My name is Tom Gray and I'm a second year student at Warwick University.  I got involved in some conservation work whilst at school, going to Borneo and since then Belize to take part in eco-tourism projects and teaching.  At this point voluntary work and the voluntary sector seemed like an interesting sideline, something to dabble in but then leave behind for seemingly loftier ambitions.

Going to university after a gap year changed this viewpoint.  I began to fancy doing something a bit different with my life.  I got into volunteering not because of high morals and a chance to make a difference, but simply because the type of work you get to do seems interesting.  I might get to travel, I might get to work with local people in cultures I know nothing about, I might get to organise a project from beginning to end and get that sense of satisfaction you get when you know everything has gone well.  Of course I might not get a chance to do any of these things and I might change my mind.  A career in London, with a suit, an office, a comfortable wage, ski-ing holidays, good restaurants and bars and a gym membership has it attractions.  However at the moment I am determined to give something different a go, it would seem silly not to try and who knows what doors may open.

Working for READ international has been one door that has opened since being at university.  The organisation runs projects in several UK universities, collecting textbooks from local schools and sending them to Tanzania, where they are distributed (with advice and guidance) to schools which need them.  These books would have otherwise been thrown away, filling landfills up and down the country.  Instead some (the useful ones which fit the Tanzanian syllabus and come in sets) are recycled and used again.  For me READ seems to optimise the benefits that a well thought out development scheme can bring.  It gives no huge donations, employs minimal paid employees, places responsibility and autonomy in the hands of its volunteers and operates to a successful business model repeated across its projects in universities. 

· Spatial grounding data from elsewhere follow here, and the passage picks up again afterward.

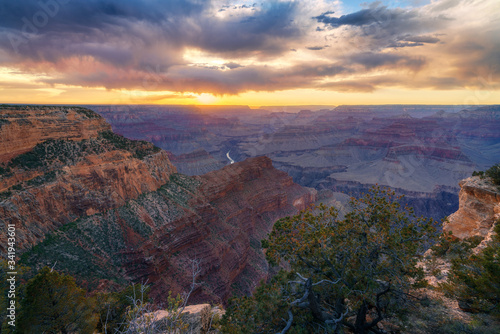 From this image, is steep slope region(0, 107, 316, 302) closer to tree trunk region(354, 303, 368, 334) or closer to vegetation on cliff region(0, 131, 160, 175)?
vegetation on cliff region(0, 131, 160, 175)

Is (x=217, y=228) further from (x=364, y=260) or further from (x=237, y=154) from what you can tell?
(x=237, y=154)

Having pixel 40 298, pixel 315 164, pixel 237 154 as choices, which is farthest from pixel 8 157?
pixel 237 154

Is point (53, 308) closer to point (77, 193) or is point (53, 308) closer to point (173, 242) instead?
point (77, 193)

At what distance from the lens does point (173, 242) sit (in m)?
31.8

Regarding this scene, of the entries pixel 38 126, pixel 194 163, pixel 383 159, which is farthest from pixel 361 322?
pixel 383 159

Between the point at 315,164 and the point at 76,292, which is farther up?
the point at 76,292

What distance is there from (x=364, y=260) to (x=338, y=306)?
2.33m

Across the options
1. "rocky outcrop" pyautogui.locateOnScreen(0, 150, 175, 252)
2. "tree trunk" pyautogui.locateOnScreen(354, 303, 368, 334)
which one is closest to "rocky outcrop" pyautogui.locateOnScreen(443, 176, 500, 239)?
"tree trunk" pyautogui.locateOnScreen(354, 303, 368, 334)

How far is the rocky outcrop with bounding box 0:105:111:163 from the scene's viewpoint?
25000 mm

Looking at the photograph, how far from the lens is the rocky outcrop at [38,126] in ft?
82.0

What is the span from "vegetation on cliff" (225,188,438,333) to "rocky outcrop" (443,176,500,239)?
1289 centimetres

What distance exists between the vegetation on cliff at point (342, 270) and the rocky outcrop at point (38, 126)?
97.3ft

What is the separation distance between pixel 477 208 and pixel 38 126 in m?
45.9

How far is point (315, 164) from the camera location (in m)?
152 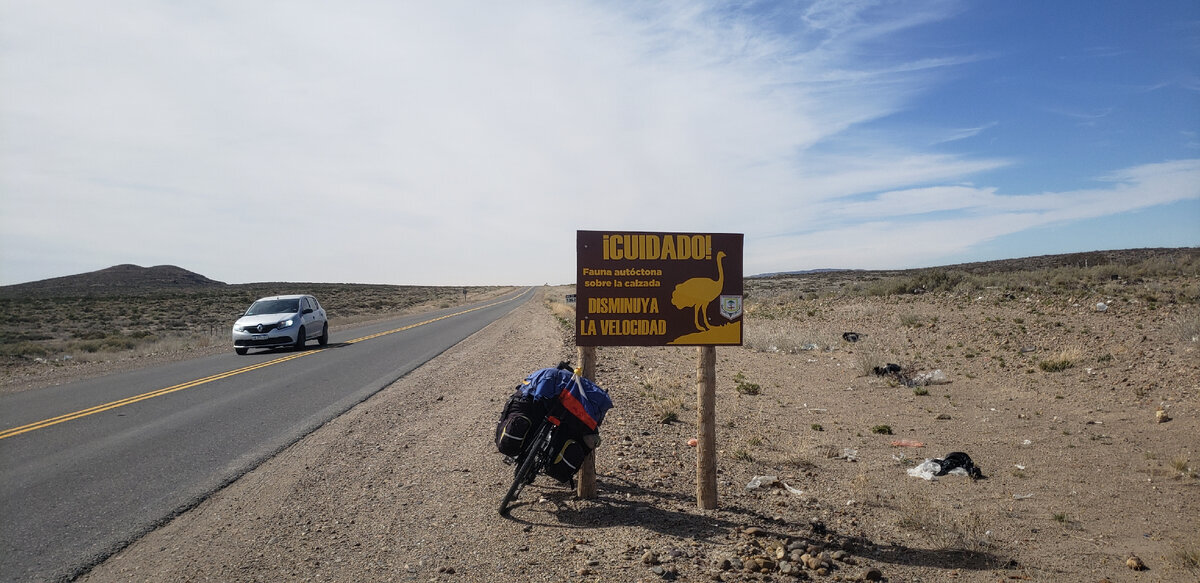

From volunteering last year, I am going on to become one of three project leaders next year.  This summer I am going to Tanzania with the books and have become involved in the charities fundraising and branding strategy.  The charity will move forward with ambition and professionalism, both qualities which it is increasingly embodying.  It does an awful lot of good for children in Africa but also children here, giving school presentations wherever possible to raise awareness.  It is a low cost, low overhead but high impact charity in its infancy.  I feel lucky to have become a part of it.  I will be in touch again soon.